Open In Colab Open In SageMaker Studio Lab

In this quick start, we’ll use the task of image classification to illustrate how to use MultiModalPredictor. Once the data is prepared in Pandas DataFrame format, a single call to MultiModalPredictor.fit() will take care of the model training for you.

Create Image Dataset

For demonstration purposes, we use a subset of the Shopee-IET dataset from Kaggle. Each image in this data depicts a clothing item and the corresponding label specifies its clothing category.
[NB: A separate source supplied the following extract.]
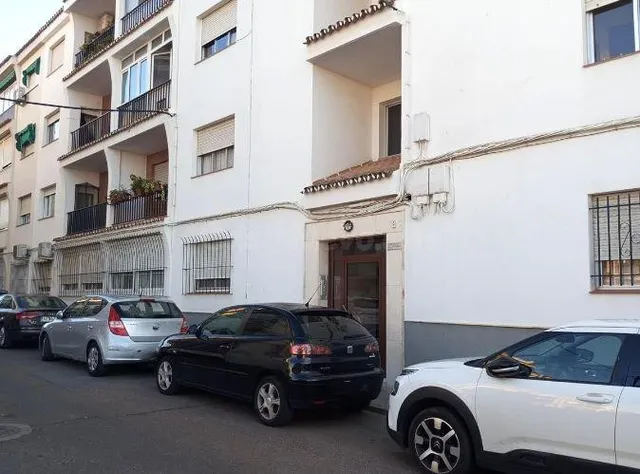 SE VENDE piso OKUPA en C Miguel Antolin 9 de Almendralejo - foto 2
Our subset of the data contains the following possible labels: BabyPants, BabyShirt, womencasualshoes, womenchiffontop.

We can load a dataset by downloading a url data automatically:

import warnings
warnings.filterwarnings('ignore')
import pandas as pd

from autogluon.multimodal.utils.misc import shopee_dataset
download_dir = './ag_automm_tutorial_imgcls'
train_data_path, test_data_path = shopee_dataset(download_dir)
print(train_data_path)
Downloading ./ag_automm_tutorial_imgcls/file.zip from https://automl-mm-bench.s3.amazonaws.com/vision_datasets/shopee.zip...
                                                 image  label
0    /home/ci/autogluon/docs/tutorials/multimodal/i...      0
1    /home/ci/autogluon/docs/tutorials/multimodal/i...      0
2    /home/ci/autogluon/docs/tutorials/multimodal/i...      0
3    /home/ci/autogluon/docs/tutorials/multimodal/i...      0
4    /home/ci/autogluon/docs/tutorials/multimodal/i...      0
..                                                 ...    ...
795  /home/ci/autogluon/docs/tutorials/multimodal/i...      3
796  /home/ci/autogluon/docs/tutorials/multimodal/i...      3
797  /home/ci/autogluon/docs/tutorials/multimodal/i...      3
798  /home/ci/autogluon/docs/tutorials/multimodal/i...      3
799  /home/ci/autogluon/docs/tutorials/multimodal/i...      3

[800 rows x 2 columns]
100%|██████████| 84.0M/84.0M [00:02<00:00, 31.6MiB/s]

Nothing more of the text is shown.